Grüne fordern radikale Modernisierung des Schienennetzes trotz kurzfristiger Belastungen
Brit PutzGrüne fordern radikale Modernisierung des Schienennetzes trotz kurzfristiger Belastungen
Die Grünen haben die großen Herausforderungen und Chancen bei der Modernisierung des deutschen Schienennetzes hervorgehoben. Ihrer Ansicht nach führen die aktuellen Ausbauarbeiten zwar zu erheblichen Beeinträchtigungen für Fahrgäste, seien aber für langfristige Verbesserungen unverzichtbar. Lokale Verantwortliche in Solingen lobten unterdessen die Geduld der Anwohner während der jüngsten Streckensperrungen.
Die kürzlich abgeschlossenen Arbeiten an den Linien RE7 und RB48 haben einige Reisebehinderungen gelindert. Doch bereits in naher Zukunft stehen umfangreichere Baumaßnahmen an. Die Grünen betonen, dass ein zuverlässiges und attraktives Schienennetz entscheidend sei, um die Abhängigkeit vom Auto zu verringern.
Die Partei setzt sich für mehrere Schlüsselprojekte ein, darunter die Elektrifizierung und Verlängerung der S7 bis Düsseldorf. Zudem fordern sie eine Umleitung der RE2, um Solingen, Wuppertal und das östliche Ruhrgebiet direkt zu verbinden. Zusätzlich verlangen die Grünen vor Baubeginn des RRX neue Weichenverbindungen in der Nähe von Düsseldorf-Eller Mitte.
Die Grünen drängen außerdem auf schnellere Modernisierungen der Signaltechnik und eine bessere Abstimmung zwischen den verschiedenen Schienenprojekten. Sie bestehen darauf, dass lokale Bedürfnisse – wie der Bahnhof Hilden oder der übergemeindliche Busverkehr – in die Landes- und VRR-Verkehrsplanung einbezogen werden müssen.

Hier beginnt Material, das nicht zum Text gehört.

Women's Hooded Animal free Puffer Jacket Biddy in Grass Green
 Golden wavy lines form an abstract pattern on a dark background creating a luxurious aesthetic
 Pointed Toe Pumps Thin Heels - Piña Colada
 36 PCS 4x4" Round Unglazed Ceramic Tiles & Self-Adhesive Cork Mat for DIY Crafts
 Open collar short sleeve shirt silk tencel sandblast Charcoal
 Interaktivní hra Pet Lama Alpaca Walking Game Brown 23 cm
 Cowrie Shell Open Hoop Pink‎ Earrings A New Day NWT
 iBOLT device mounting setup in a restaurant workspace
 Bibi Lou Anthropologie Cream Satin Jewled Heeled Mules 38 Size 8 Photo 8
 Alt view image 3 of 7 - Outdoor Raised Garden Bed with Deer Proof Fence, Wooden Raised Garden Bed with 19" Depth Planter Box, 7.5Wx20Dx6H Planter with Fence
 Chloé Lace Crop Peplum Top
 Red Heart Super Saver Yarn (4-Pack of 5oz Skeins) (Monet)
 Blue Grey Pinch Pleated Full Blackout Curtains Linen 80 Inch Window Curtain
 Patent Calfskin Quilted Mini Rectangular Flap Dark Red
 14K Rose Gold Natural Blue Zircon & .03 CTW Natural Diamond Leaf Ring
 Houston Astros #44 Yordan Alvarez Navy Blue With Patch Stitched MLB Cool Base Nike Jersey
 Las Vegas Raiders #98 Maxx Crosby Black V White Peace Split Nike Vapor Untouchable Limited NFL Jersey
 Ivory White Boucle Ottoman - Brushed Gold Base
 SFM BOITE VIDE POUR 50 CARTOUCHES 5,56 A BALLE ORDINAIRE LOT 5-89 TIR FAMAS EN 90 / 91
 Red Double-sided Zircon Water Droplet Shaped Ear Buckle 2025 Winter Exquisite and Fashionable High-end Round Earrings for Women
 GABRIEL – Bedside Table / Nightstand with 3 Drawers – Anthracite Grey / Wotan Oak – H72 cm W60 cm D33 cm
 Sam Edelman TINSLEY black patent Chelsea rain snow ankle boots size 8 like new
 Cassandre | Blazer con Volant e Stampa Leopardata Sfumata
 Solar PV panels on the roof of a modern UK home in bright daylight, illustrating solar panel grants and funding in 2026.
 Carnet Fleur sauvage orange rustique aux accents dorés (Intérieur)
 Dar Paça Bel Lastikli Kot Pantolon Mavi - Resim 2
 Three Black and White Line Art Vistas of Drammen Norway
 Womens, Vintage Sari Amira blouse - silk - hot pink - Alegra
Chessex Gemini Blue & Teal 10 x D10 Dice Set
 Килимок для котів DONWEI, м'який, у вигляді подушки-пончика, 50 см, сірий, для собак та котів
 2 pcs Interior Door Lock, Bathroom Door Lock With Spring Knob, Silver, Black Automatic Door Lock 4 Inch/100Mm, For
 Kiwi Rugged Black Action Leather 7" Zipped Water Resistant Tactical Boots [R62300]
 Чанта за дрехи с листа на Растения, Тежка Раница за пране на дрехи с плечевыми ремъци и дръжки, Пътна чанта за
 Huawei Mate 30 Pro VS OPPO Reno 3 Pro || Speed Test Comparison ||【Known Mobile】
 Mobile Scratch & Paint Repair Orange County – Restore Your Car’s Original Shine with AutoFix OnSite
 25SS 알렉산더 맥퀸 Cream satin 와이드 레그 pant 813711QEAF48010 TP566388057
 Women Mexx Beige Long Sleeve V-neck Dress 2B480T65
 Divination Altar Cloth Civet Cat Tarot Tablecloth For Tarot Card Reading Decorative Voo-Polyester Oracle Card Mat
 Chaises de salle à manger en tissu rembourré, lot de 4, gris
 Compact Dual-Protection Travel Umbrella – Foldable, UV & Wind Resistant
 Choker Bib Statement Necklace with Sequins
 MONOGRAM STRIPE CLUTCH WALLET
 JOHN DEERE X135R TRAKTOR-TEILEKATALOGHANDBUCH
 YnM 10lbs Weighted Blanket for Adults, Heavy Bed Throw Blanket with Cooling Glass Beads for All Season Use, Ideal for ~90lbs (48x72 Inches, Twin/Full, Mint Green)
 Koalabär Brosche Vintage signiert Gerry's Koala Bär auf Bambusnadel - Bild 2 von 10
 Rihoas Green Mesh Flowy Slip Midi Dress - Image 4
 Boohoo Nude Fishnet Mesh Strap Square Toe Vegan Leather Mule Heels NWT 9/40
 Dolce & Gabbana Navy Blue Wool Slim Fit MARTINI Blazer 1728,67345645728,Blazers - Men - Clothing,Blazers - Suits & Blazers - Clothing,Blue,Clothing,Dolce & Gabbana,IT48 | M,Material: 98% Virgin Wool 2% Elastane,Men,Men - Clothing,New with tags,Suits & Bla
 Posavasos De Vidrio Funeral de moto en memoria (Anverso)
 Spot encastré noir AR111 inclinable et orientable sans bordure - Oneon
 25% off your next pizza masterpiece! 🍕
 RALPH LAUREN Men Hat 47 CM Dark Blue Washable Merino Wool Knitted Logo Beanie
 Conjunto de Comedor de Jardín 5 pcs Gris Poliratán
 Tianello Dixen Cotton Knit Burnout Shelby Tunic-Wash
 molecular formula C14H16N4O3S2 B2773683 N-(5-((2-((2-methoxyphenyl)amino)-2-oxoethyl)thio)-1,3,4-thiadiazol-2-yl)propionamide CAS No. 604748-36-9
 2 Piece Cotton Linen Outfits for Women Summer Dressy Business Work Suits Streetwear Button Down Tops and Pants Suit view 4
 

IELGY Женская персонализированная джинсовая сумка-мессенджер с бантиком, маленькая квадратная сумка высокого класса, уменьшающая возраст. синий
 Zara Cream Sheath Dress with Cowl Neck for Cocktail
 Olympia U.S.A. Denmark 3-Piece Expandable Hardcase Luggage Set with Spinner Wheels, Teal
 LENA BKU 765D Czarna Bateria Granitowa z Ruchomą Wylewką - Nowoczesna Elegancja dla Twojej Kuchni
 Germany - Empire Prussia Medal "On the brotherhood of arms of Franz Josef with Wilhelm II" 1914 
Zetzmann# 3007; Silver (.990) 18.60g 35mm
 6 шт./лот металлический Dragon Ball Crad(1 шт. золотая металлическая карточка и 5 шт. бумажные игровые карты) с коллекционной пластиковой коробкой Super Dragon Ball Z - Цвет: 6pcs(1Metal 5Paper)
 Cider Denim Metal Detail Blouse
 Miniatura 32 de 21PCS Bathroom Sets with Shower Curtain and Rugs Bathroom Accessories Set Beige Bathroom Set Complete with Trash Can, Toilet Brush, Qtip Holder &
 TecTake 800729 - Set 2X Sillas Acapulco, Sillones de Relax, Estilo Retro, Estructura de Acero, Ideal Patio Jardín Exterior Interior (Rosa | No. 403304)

Ziel der Partei ist es, den Schienenverkehr in den kommenden Jahren sicherer, zuverlässiger und attraktiver zu gestalten. Ihre Vorschläge zielen darauf ab, aktuelle Störungen zu mildern und gleichzeitig ein leistungsfähigeres Netz für die Zukunft aufzubauen. Dabei bleiben lokale Prioritäten ein zentraler Bestandteil ihrer Verkehrspolitik.